Abstract
This survey establishes a structured taxonomy for memory mechanisms in LLM-driven AI systems by systematically mapping them to human cognitive neuroscience. The authors introduce a 3D-8Q classification framework that organizes AI memory across three axes: object (personal vs. system), form (parametric vs. non-parametric), and time (short-term vs. long-term), yielding eight functional quadrants. By synthesizing literature on memory construction, management, retrieval, and inference optimization, the paper provides a unified architectural lens for understanding how agents retain, recall, and adapt information. It concludes by outlining critical research frontiers, including multimodal integration, real-time stream memory, collaborative architectures, and collective privacy preservation.
Key Concepts
- 3D-8Q Memory Taxonomy: A multidimensional classification framework mapping AI memory capabilities based on object (personal/system), form (parametric/non-parametric), and retention duration (short-term/long-term).
- Personal vs. System Memory: Personal memory stores user-specific data for behavioral adaptation and personalization; system memory captures intermediate task execution states to enable reasoning, planning, and self-reflection.
- Parametric vs. Non-Parametric Memory Storage: Parametric memory encodes information directly within model weights via fine-tuning or editing, while non-parametric memory utilizes external structures (vectors, graphs, KV caches) dynamically accessible during inference.

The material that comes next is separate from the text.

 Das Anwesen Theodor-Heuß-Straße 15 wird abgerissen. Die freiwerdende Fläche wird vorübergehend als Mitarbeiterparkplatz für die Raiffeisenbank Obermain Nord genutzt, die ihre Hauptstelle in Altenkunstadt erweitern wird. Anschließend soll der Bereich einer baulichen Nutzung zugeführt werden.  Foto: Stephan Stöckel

- Neuroscience-Inspired Memory Dynamics: AI memory processes analogously to human cognition, including consolidation (stabilizing working traces to long-term storage) and reconsolidation (reactivating and updating memories upon new interactions).
- KV Cache Management and Reuse: A parametric short-term system memory technique that accelerates autoregressive generation by caching and reusing attention keys and values across tokens, prompts, or serving requests.
- Paradigm Shifts in Memory Architecture: Evolution from unimodal to multimodal, batch/static to continuous stream processing, isolated to collaborative shared memory, and from rule-based to automated self-evolution.
Key Equations and Algorithms
- None (The source is a conceptual survey and taxonomy; it presents no mathematical formulations, loss functions, or algorithmic pseudocode.)
Key Claims and Findings
- Categorizing AI memory exclusively by temporal duration is structurally insufficient; a multidimensional taxonomy incorporating object and representation form is required to capture the full scope of LLM-driven memory systems.
- Personal non-parametric long-term memory operates through a pipeline of construction (extraction/consolidation), management (deduplication/conflict resolution/re-consolidation), retrieval (vector/graph/SQL-based), and downstream application integration.
- Parametric short-term system memory dominates inference optimization, where KV cache compression, quantization, and token/sentence-level reuse significantly reduce computational overhead and latency during multi-turn generation.
- System non-parametric long-term memory enables continual agent improvement by storing, abstracting, and reusing successful reasoning traces, workflow paths, and failure reflections to refine future task execution.
- Current memory architectures face fundamental constraints in multimodal fusion, real-time state updating, cross-domain knowledge sharing, and scalable privacy frameworks, necessitating a shift toward adaptive, connected, and collectively secure memory ecosystems.
Terminology
- 3D-8Q Taxonomy: The paper’s proposed classification schema that intersects three categorical dimensions (object, form, time) to define eight distinct memory quadrants, each with a specific cognitive role and architectural function.
- Parametric Memory: Knowledge or state encoded directly within a model’s trainable or editable parameters, enabling implicit retention, high compression, and direct inference access but at the cost of update scalability.
- Non-Parametric Memory: External, weight-independent storage structures (e.g., vector databases, knowledge graphs, KV caches) that AI systems dynamically query during inference to supplement context without weight modification.
- Memory Consolidation/Reconsolidation: The AI analog of neurobiological processes; consolidation stabilizes transient working memory into durable long-term storage, while reconsolidation dynamically updates or restructures memories upon reactivation.
- Stream Memory vs. Static Memory: Stream memory processes and updates information continuously as data arrives in real-time, contrasting with static memory that operates on discrete, delayed batches of accumulated information.
- KV Cache Reuse: A serving-level optimization that stores previously computed Q/K/V attention tensors and reuses them across sequential tokens or semantically similar prompts to eliminate redundant computation.